/analytics

Roll my own analytics

Primary LanguageJavaScriptMIT LicenseMIT

analytics

Roll my own analytics, based on this simple stack consisting of AWS Lambda and Google sheets.

Ideally, the next step is to improve this based on this more elaborate stack, Snowplow JS tracker vended by Cloudfront, posting to S3 which is then processed by Lambda and written back to S3 for lookup using Athena

This Readme is part blog post, part todo-list for future me.

Provide basic analytics without resorting to add-tech trackers and respect user privacy.

Requirements

Aside from respecting privacy, this project should be cheap to set up and run. The analytics need not be very complex as I only expect very small amounts of traffic if any.

The technologies involved should be cheap or ideally free. And of course, some of them should be novel to me as an excuse to learn something new.

Stack

  • Client-side session/metrics
    • Can be embedded in static sites.
    • Free for me.
  • AWS Lambda fronted by API gateway
    • Novel technology for me
    • Very cheap to use
    • Serverless is ideal for this use case. Infrequent jobs that are short and self-contained
  • Data stored in a Google sheet
    • Free
    • Simple to use

Events

The repo contains a JS and Ruby client. Only the latter works at the moment.

The JS code attempts to batch up all the analytics and send them when the session ends. I had trouble getting event handlers to fire when the "session" ends, gave up quickly, and just instrumented the backend because it worked for what I was doing.

TODO:

  • JS Client
  • Client instrumentaion.
  • Use Snowplow JS tracker for richer events

Lambda

The Lambda function reads the incoming metric events, repackages them, and POSTs them to google sheets.

The function code is provisioned using Pulumi. The Pulumi playbook creates two API Gateway routes to use the function but they are pretty simple and just let everything through.

The function can also be provisioned with a URL directly but that is not done here.

TODO

  • Decide on one API gateway route, there is no need to have two different types
  • Have some sort of access control.
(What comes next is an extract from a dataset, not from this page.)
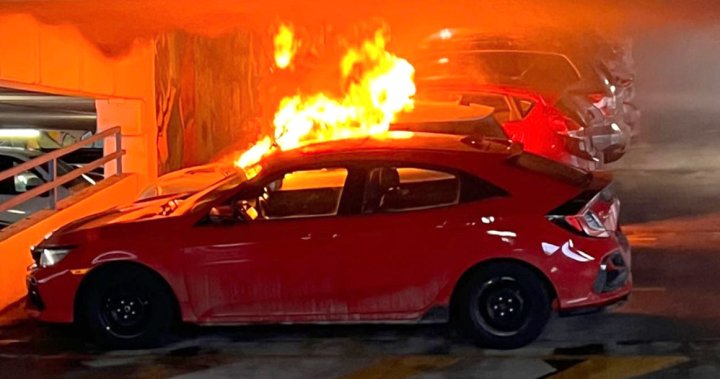 Vehicle fire in downtown Vernon, B.C. parkade quickly extinguished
At the moment the Lambda URL is essentially a secret.

Sheet

The Google sheet is nothing special aside from the associated script to allow data to be POSTed to it. The script is deployed as an "App Script" inside Google sheets.

This was a pain to get working because the developer experience is pretty poor and it is hard to debug failures.
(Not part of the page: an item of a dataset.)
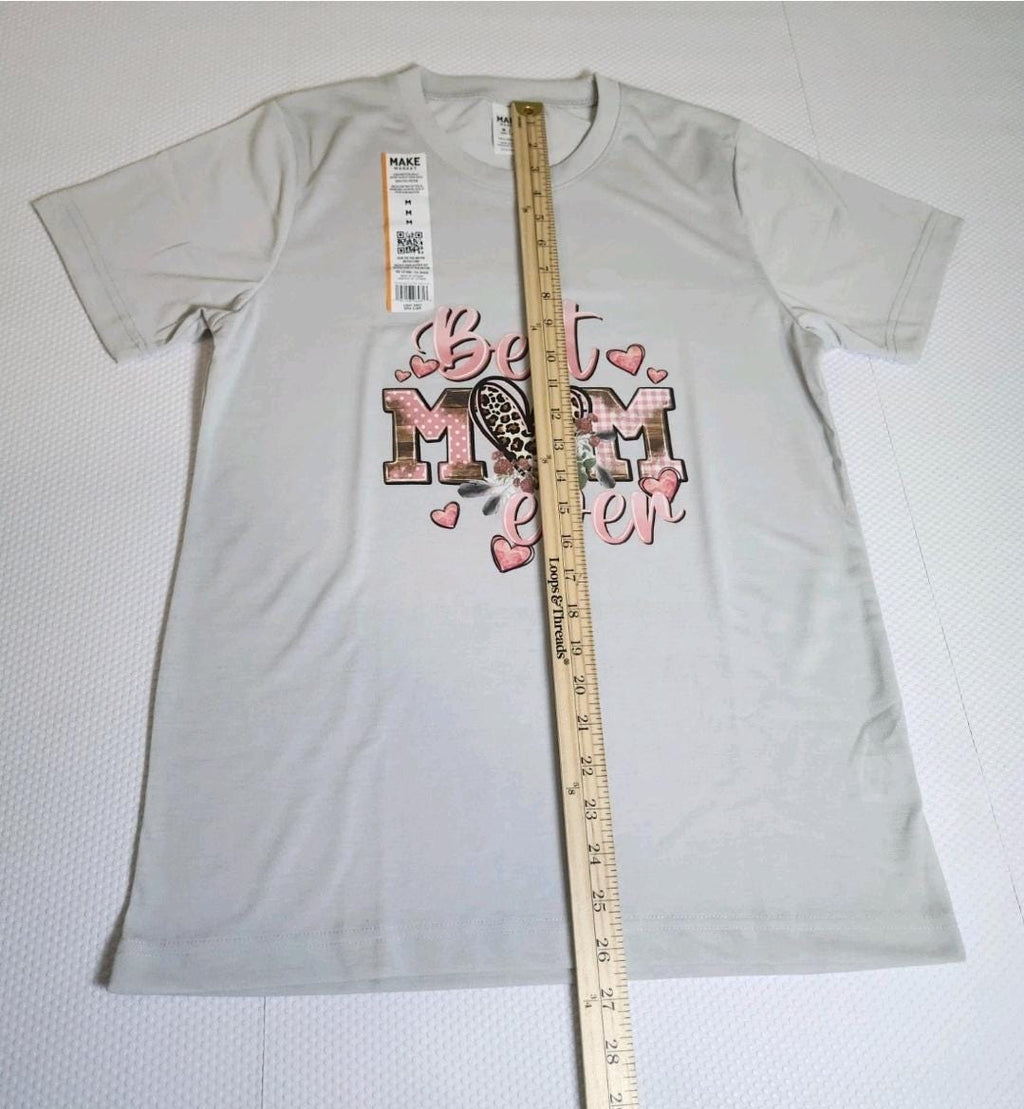 Light Gray "BestMom Ever" Graphic Tee – Pink Lettering, Floral Accents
The script itself is again nothing special. doPost handles all the networking, all the script has to do is parse the data and add it to the associated sheet.

It must be manually provisioned and deployed.

TODO

  • Automatic provisioning. Hardly seems worth the time.

End

With these 3 pieces I have a basic analytics pipeline I can quickly standup and deploy into any application/site.